Uh... there's a stairway?

Epic's internal population consists largely of twenty- and thirty-somethings who are either recently married, or recent parents. So there are a lot of couples discussions, and a lot of activities centered around 1-to-6-year-old kids. The food is good but not great (I stuck to hamburgers this year; it's hard to screw up a hamburger). It's not really an event which is geared towards independent single folks like myself. It's not exactly a venue to "meet people", either, since the merits of dating someone from work are dubious, I think (besides which, I'm a rather strange person and therefore hard to be compatible with).

All that being what it was, I had a good time, but decided to leave after about 3 hours. Hanging around with the collective body of Epic isn't really my scene, socially speaking.
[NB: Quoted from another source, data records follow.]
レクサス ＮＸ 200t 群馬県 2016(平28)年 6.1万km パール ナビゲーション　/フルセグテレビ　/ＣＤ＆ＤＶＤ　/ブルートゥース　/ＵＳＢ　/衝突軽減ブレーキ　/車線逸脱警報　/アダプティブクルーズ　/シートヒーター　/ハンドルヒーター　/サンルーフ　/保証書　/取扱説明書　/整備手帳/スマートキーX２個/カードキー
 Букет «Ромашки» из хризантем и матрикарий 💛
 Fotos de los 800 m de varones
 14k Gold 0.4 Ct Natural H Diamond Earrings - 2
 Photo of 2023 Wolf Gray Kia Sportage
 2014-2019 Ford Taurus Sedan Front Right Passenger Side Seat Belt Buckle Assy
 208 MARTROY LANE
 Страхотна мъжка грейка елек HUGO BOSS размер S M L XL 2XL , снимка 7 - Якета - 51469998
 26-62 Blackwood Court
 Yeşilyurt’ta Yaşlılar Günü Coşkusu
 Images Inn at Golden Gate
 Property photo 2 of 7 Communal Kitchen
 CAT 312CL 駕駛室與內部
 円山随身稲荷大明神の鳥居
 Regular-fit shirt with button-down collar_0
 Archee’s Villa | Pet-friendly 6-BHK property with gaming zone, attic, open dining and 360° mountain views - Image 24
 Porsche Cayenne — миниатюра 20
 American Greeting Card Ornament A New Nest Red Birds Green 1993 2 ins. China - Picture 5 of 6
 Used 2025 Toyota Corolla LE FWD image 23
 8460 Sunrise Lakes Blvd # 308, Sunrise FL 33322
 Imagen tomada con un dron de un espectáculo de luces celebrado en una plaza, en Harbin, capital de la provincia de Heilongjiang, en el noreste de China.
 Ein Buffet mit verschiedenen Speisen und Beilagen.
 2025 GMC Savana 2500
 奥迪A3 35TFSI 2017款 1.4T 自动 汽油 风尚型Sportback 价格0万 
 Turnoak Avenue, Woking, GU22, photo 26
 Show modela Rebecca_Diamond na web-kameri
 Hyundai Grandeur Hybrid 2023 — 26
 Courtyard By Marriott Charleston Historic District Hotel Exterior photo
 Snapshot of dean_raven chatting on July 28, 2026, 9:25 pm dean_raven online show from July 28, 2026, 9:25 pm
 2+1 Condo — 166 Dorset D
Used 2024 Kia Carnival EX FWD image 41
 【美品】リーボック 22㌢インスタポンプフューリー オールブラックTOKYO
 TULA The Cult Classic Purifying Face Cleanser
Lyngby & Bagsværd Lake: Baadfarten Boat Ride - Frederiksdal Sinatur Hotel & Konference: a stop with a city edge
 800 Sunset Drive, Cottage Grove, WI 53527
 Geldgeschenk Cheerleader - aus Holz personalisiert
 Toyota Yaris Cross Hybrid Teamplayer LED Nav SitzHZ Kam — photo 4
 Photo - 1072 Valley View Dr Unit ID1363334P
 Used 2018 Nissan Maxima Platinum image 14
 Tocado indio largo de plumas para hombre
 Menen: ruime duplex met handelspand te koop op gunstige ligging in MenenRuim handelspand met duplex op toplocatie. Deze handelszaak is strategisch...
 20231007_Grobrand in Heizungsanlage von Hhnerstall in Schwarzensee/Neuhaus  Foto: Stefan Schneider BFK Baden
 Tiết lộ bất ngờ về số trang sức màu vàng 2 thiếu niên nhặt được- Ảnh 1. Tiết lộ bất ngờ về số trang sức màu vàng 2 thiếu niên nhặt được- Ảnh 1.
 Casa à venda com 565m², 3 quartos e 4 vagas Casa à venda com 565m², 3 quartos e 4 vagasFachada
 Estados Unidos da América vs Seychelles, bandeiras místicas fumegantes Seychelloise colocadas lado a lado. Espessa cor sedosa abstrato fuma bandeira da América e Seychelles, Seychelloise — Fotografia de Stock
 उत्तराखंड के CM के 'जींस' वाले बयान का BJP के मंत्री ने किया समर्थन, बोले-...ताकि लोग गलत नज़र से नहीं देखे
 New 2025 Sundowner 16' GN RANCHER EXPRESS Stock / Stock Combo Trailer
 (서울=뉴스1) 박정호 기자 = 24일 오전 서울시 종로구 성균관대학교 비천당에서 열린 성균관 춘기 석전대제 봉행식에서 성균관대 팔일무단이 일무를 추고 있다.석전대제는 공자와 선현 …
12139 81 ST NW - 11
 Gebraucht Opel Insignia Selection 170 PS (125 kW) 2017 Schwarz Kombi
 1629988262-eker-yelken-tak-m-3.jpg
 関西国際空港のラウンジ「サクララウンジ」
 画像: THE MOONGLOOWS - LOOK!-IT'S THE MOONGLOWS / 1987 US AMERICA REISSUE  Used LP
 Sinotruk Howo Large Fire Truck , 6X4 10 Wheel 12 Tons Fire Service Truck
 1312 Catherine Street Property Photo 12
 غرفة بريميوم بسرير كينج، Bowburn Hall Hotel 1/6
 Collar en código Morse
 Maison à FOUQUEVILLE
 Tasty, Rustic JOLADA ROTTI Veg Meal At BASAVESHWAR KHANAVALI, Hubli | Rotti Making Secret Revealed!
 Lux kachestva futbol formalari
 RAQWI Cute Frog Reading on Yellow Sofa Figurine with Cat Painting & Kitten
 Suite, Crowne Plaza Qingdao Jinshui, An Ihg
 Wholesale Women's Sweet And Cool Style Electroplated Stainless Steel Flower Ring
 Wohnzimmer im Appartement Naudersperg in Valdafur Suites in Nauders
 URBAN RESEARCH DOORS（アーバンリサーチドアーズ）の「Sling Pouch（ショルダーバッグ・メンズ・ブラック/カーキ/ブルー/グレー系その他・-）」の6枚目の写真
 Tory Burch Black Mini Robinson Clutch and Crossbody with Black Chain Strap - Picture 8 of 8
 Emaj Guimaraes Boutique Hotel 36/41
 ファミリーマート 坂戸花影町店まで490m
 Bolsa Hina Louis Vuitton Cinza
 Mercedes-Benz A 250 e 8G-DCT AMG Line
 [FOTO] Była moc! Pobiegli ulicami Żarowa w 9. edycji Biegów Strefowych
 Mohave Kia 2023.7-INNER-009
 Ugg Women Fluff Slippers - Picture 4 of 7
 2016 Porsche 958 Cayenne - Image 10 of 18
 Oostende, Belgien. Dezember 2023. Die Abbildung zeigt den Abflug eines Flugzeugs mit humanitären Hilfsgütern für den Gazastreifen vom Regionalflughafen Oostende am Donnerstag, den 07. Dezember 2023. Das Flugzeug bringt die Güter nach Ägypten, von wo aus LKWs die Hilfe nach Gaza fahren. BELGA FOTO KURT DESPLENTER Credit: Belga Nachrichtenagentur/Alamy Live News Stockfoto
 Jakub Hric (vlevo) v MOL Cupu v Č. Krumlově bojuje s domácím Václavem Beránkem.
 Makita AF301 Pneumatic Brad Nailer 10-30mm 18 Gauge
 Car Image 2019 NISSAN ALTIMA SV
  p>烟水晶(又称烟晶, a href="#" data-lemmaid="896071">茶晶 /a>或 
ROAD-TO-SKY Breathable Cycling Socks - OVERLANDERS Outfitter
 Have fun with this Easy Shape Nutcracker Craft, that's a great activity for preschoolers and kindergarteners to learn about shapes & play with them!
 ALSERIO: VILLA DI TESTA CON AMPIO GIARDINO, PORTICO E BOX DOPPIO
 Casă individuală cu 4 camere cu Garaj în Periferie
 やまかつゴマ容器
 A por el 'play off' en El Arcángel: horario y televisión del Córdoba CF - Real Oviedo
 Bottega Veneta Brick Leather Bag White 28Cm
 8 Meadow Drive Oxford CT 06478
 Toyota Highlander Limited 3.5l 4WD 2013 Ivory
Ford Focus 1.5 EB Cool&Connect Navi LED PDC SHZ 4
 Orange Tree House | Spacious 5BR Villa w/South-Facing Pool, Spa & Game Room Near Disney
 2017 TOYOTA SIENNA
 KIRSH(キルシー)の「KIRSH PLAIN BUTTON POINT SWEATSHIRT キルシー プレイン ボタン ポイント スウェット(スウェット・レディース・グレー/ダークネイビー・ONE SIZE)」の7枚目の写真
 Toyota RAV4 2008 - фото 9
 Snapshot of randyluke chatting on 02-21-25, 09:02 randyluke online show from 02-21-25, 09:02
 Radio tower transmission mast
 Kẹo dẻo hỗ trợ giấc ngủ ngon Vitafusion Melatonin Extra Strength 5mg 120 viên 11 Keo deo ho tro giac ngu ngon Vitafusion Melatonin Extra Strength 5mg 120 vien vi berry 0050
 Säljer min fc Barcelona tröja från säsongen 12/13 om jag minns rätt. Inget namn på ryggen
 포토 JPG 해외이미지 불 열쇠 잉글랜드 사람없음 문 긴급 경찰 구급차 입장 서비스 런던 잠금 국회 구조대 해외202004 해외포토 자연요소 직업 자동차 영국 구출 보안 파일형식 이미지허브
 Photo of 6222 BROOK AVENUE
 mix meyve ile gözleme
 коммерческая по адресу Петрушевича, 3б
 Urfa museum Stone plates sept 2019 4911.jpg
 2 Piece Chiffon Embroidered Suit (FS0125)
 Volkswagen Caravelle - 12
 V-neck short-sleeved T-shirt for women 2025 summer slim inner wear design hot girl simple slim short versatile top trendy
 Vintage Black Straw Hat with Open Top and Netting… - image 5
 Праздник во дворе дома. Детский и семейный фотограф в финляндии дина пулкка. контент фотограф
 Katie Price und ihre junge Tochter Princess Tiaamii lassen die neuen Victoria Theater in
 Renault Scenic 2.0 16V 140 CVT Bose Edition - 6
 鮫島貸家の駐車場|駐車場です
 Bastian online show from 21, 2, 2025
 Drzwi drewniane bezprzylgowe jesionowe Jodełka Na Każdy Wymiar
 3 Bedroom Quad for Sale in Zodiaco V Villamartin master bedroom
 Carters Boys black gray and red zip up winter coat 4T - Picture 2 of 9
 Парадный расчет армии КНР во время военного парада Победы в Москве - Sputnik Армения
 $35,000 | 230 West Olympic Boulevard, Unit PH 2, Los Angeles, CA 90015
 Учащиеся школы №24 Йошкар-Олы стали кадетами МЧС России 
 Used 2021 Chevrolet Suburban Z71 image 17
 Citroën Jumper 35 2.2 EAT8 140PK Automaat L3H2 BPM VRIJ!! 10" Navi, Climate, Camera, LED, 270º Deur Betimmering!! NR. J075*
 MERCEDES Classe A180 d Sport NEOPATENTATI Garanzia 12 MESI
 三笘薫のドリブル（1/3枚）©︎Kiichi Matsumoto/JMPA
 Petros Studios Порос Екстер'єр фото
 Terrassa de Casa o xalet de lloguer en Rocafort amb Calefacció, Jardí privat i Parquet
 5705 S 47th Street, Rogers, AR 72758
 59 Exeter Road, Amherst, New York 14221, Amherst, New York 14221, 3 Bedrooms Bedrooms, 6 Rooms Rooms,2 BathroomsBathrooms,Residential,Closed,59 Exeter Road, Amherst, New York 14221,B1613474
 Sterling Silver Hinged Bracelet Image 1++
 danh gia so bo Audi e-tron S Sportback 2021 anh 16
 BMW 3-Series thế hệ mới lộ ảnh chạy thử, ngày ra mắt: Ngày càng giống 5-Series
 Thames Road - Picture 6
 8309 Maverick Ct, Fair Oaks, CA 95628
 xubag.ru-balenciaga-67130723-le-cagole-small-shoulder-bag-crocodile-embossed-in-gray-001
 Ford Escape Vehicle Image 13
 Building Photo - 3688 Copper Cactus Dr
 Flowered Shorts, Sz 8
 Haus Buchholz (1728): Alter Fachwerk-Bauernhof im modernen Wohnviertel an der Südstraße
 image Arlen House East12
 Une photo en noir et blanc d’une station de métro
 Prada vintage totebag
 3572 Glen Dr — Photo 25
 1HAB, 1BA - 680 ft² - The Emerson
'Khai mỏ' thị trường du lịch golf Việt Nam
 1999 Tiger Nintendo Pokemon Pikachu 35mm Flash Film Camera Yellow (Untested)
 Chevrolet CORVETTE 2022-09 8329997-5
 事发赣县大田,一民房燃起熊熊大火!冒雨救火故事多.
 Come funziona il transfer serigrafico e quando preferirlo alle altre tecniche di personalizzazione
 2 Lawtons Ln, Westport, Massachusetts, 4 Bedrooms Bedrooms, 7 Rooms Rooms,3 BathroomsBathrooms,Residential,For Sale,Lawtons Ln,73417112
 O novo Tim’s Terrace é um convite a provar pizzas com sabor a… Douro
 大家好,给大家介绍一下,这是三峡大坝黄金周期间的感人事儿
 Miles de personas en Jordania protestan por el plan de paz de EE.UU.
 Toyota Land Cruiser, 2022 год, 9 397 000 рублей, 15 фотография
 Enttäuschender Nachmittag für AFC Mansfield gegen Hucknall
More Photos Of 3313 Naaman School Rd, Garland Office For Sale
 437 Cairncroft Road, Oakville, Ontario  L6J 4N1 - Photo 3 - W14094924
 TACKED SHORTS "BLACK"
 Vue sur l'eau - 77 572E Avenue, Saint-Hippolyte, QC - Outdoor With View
On the way home I stopped at 20th Century Books, Madison's SF & comics specialty store, because I wanted to find a copy of Isaac Asimov's The Gods Themselves, which is often considered his best novel. My Dad read it recently and wants to discuss it with me. Asimov's main virtue - which is a not inconsiderable one - is that he can make scientific notions comprehensible to laymen. His writing style, however, is unsophisticated to the point of seeming naive. I enjoy his stuff, but it doesn't make me especially warm.

By the way, if you're interested in what books do make me warm, see my list of favorite SF books.

It's sort of been drizzling all day, and threatens to rain in earnest tonight. Hopefully I can still go biking tomorrow, but if it does rain tomorrow, I hope it pours and makes a big racket. I don't want to have my ride cancelled due to an otherwise wimpy storm.